[Your task]
Using the entries below, copy exactly each line from the line with "Miniatura 2 de" up to and including the line with "2004 TOYOTA COROLLA", with every picture left out.

[Source material]
►

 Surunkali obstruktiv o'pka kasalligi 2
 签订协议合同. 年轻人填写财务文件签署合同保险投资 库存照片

◄
►

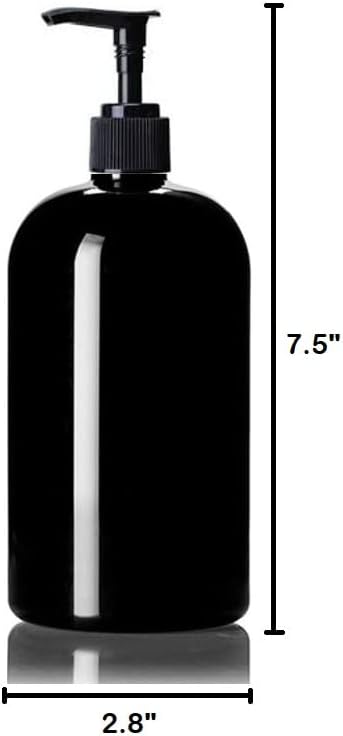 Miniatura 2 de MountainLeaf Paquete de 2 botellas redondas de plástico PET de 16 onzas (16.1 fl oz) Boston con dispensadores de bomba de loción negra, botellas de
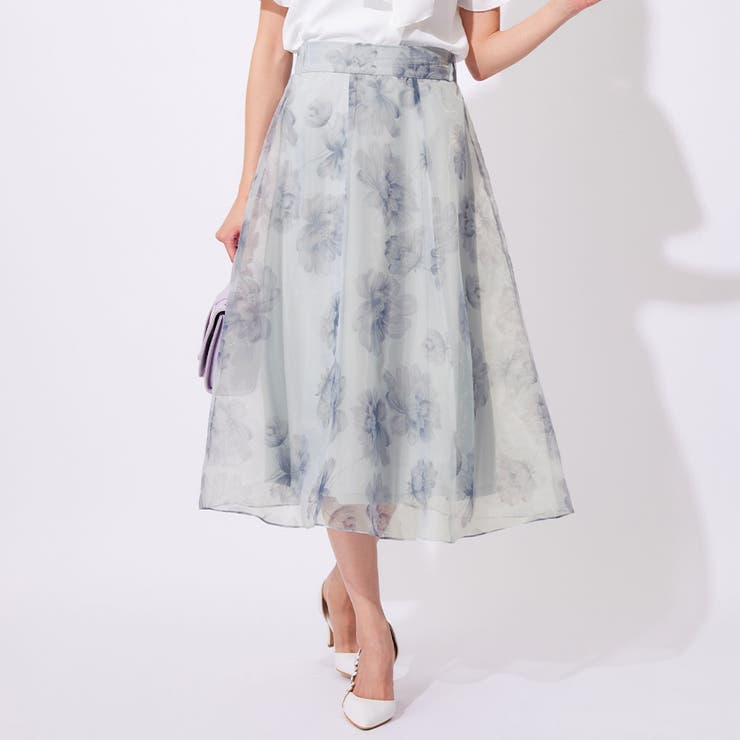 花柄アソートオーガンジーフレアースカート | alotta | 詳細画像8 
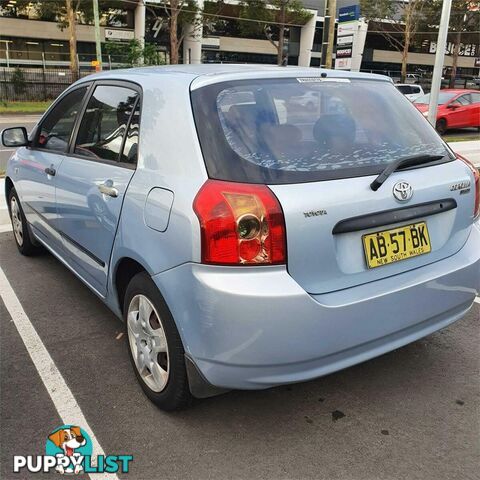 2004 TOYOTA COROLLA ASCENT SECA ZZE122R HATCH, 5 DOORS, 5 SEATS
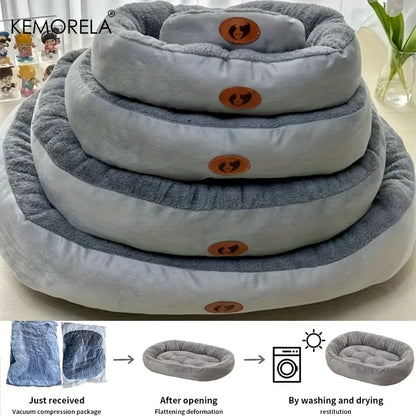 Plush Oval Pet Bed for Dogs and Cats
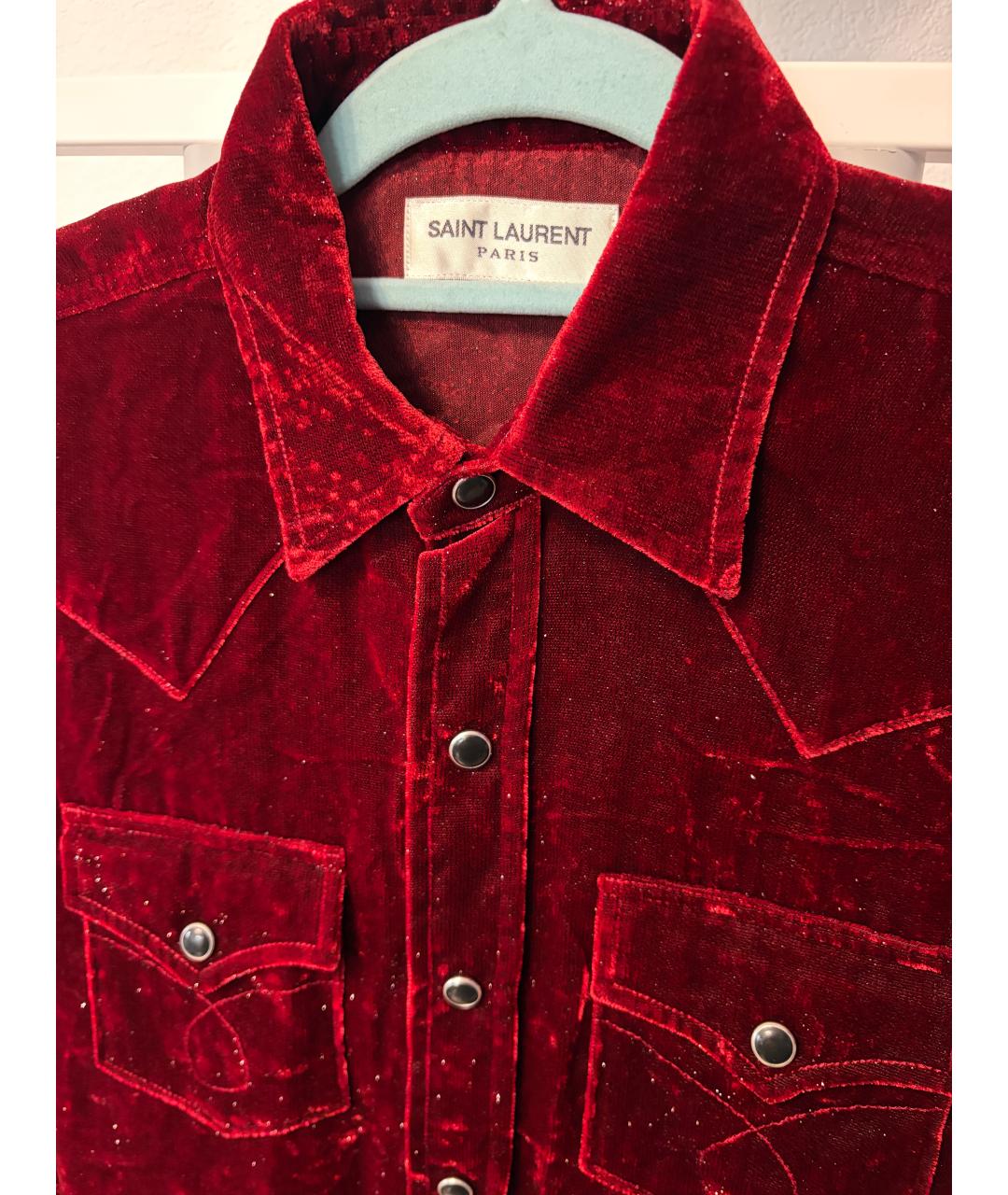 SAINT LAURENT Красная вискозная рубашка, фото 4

◄
►

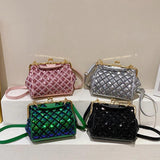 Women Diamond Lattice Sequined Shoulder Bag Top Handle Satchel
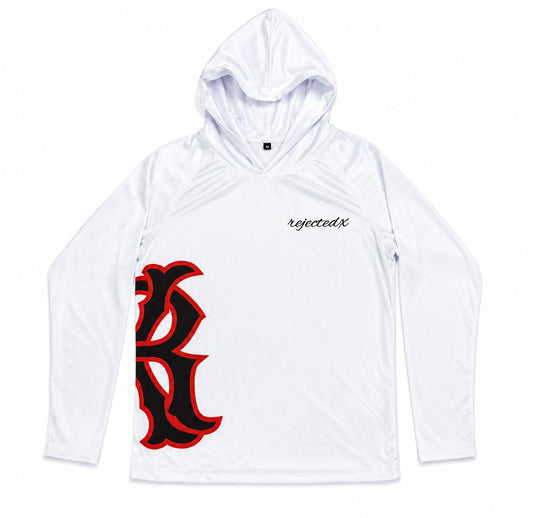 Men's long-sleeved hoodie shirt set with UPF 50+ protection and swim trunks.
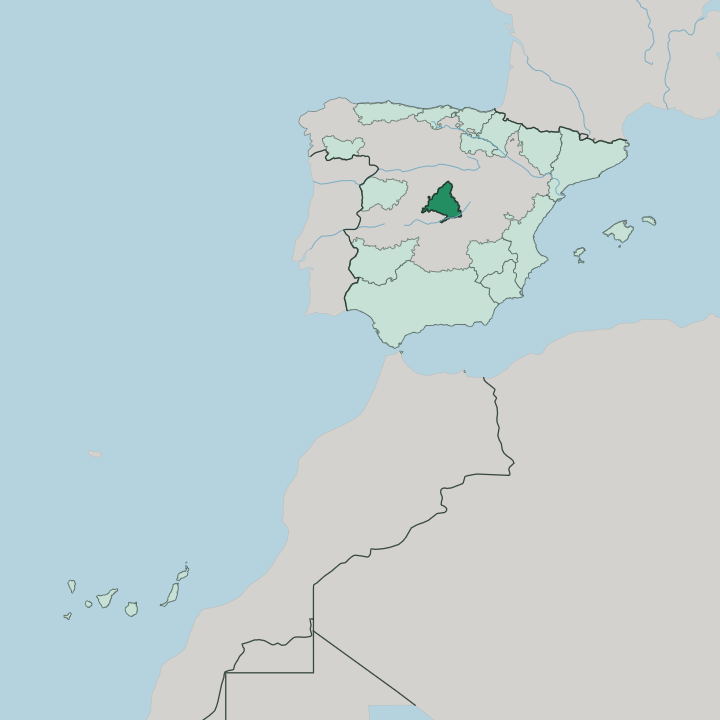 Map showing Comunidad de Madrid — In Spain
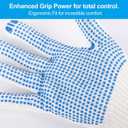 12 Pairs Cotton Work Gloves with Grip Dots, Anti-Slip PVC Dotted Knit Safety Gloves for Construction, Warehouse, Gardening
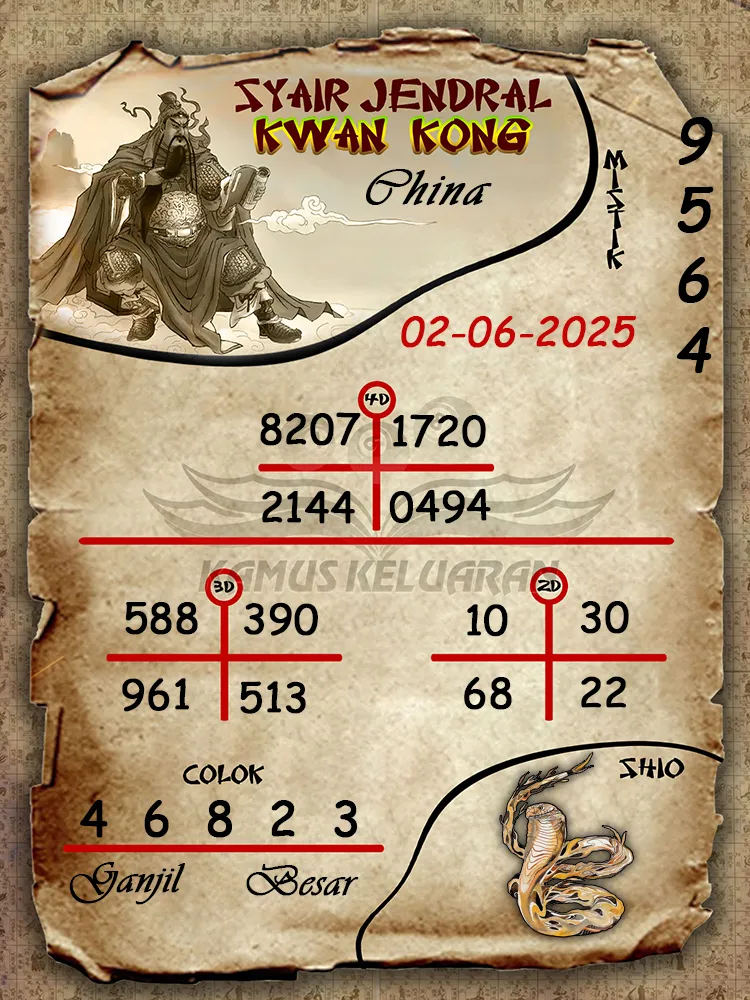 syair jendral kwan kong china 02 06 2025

◄

[Answer to this task]
 Miniatura 2 de MountainLeaf Paquete de 2 botellas redondas de plástico PET de 16 onzas (16.1 fl oz) Boston con dispensadores de bomba de loción negra, botellas de
 花柄アソートオーガンジーフレアースカート | alotta | 詳細画像8 
 2004 TOYOTA COROLLA ASCENT SECA ZZE122R HATCH, 5 DOORS, 5 SEATS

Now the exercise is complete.